Tio Genival, o mais cordato e o mais distante (morava em Recife) concordou na hora:
— Sim, nós lhe passamos procurações e todos os poderes de inventariante. Acho que não tem de ser necessariamente um de nós, um dos filhos, não é mesmo? Você resolve tudo no cartório, na prefeitura, onde for necessário.
Os tios e meu pai entre eles, haviam se esquecido ou não sabiam do alto valor representados pelas ações da fábrica de cimento, em poder de vovô. Eu fiquei quieto para não atiçar a cobiça. Claro que na abertura do inventário, tais ações seriam mencionadas no rol dos bens deixados por vovô.
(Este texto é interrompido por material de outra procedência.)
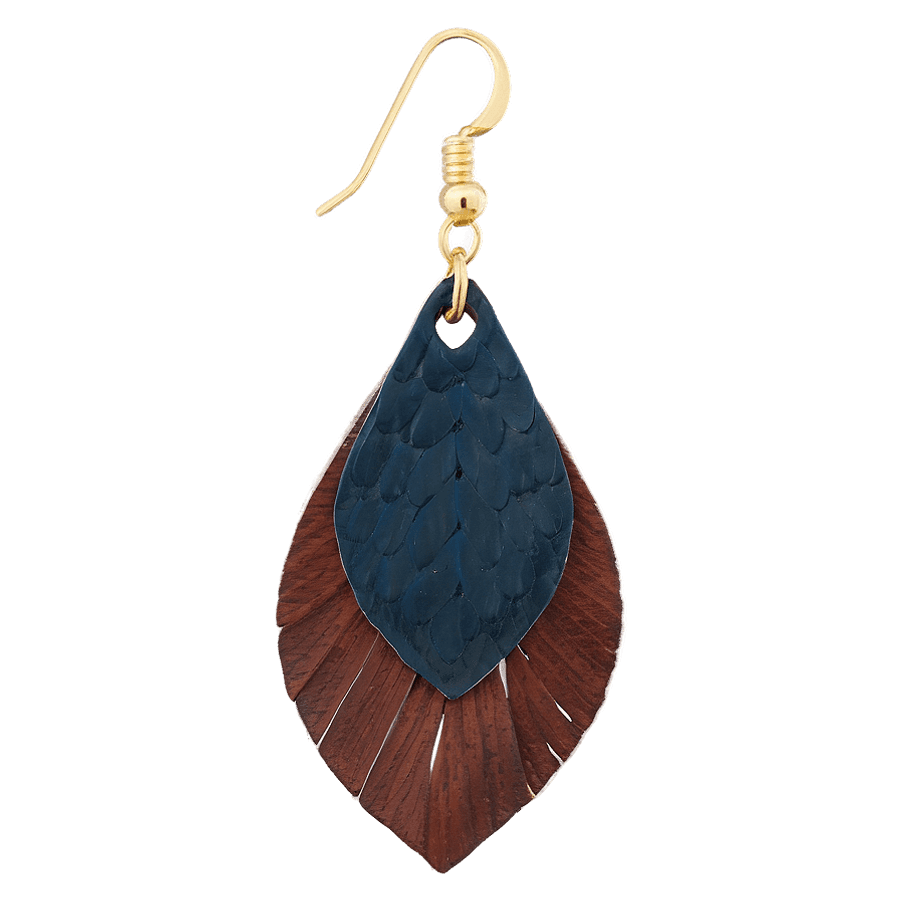 Fringe Leather Earrings PNG 86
—Mas quero carta-branca para administrar a fazenda e tirar dela o máximo.
—Sim, claro, disse tio Edgar, como que falando em nome de todos. Conquanto que divida os resultados com todos os herdeiros.
Não mencionei uma só vez a existência da caverna onde havia a mina de prata, cujo imenso potencial deixara todos muito ricos. Se o fizesse, é claro que a ganância geral acabaria de vez com o aparente clima de tranqüilidade entre os presentes. Aliás, eu mesmo não sabia se manteria a mina em segredo, como meu avô manteve, ou se a exploraria em benefício de quem jamais valorizara o que haviam recebido de vovô. Pois fora das rendas de vovô, auferida da fazenda e da participação, como acionista, da fábrica de cimento, que tiveram ajuda para se formarem e capital para e se “engatarem” na vida.